Bien que l’on puisse s’attendre à ce que ceux qui s’opposent au message du Royaume du Messie les oppriment, la véritable épreuve viendra de ceux qui sont à l’intérieur. Pendant cette période de persécution, beaucoup de ceux qui professaient le Christ et la fraternité avec les croyants allaient tomber et les trahir (les livrer). Il ne s’agissait pas simplement d’un abandon de la foi, mais d’une trahison littérale où des croyants de confiance les trompaient de la même manière que Judas a trahi Jésus dans le jardin.
[1] France P. 902
[2] Gentry énumère un total de 16 candidats potentiels avant 70 ap. J.-C. – Voir The Oliver Discourse Made Easy P. 67-68
[3] https://www.ushistory.org/civ/6c.asp
[4] The Olivet Discourse Made Easy, Kenneth Gentry, Victorious Hope Publishing, 2010, Pages 71-72
[5] Un argument a été avancé selon lequel le terme “fin” au v. 6 fait référence à la “fin de l’âge” au v. 3, mais deux mots différents sont utilisés pour la fin : συντέλεια (v. 3) et τέλος (v. 6).

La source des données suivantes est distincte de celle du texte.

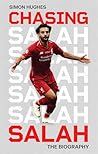 Chasing Salah: Th...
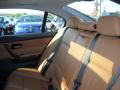 2009 3 Series 328i Sedan #12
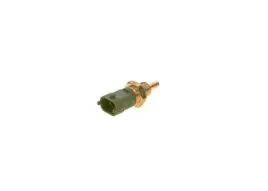 bosch-czujnik-temperatury-paliwa-0-281-002-623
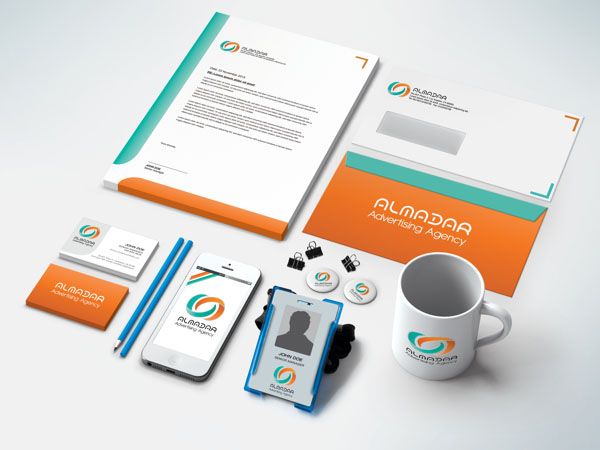 42c21fda619e599c21437b0f838def1d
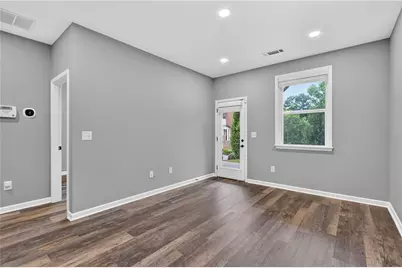4286 Laurel Creek Court SE #4, Smyrna, GA 30080 - Photo 36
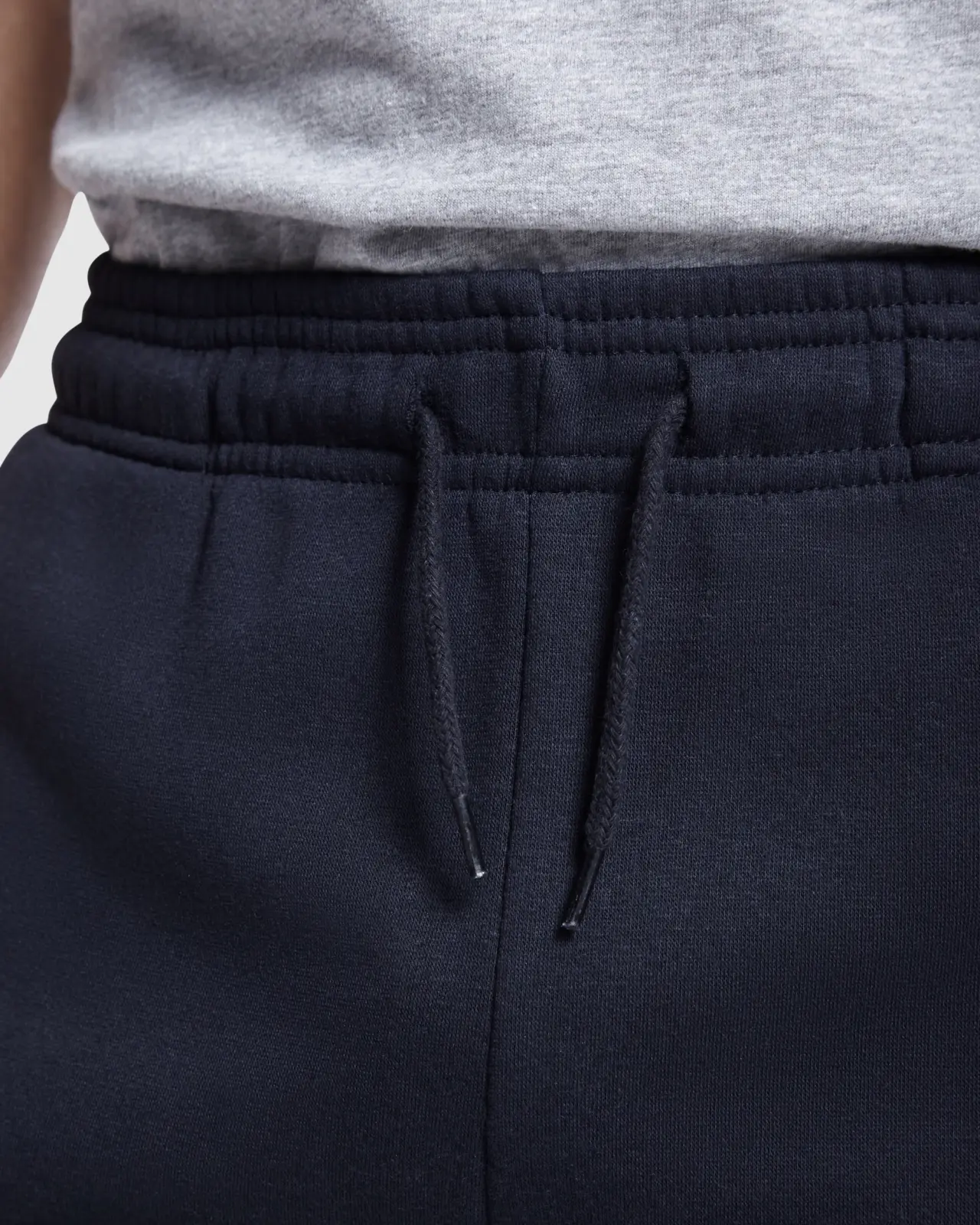 Pantaloni uomo in 100% cotone 280 g 5 Pantaloni uomo in 100% cotone 280 g 5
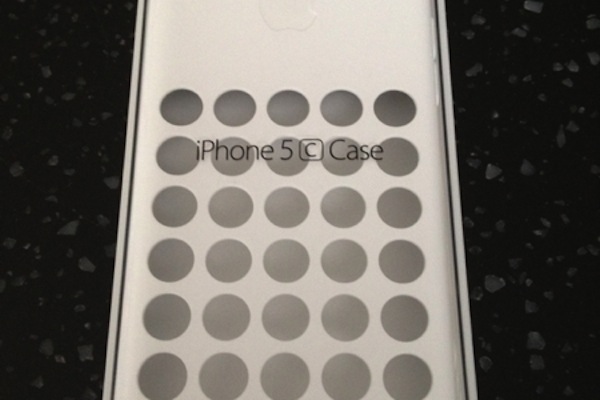 iphone5c-case-top.jpg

[6] The Olivet Discourse Made Easy, Kenneth Gentry, Victorious Hope Publishing, 2010, Pages 75
[7] Aussi voir 20.51-53;101.
[8] Les parallèles dans Marc 13:9-13 et Luc 21:12-19 semblent avoir été prononcés pendant le discours et Matthieu ajoute ces paroles qui ont été laissées de côté. Curieusement, Matthieu les insère dans Matthieu 10:17-22.
[9] Il existe de nombreuses références à la persécution des chrétiens dans le livre des Actes (4:3, 5:18-33, etc.), dans les épîtres de Paul (2 Corinthiens 11:24 ; 2 Thess 2:14-15, Hébreux 10:32-34) et dans le livre de l’Apocalypse (2:9 ; 3:9).
[10] Si nous croyons que ces textes ont été accomplis du vivant des disciples, nous n’excluons pas le fait que les chrétiens ont souffert de persécutions dans l’histoire et continuent aujourd’hui encore à être fidèles à leur Seigneur en temps d’oppression.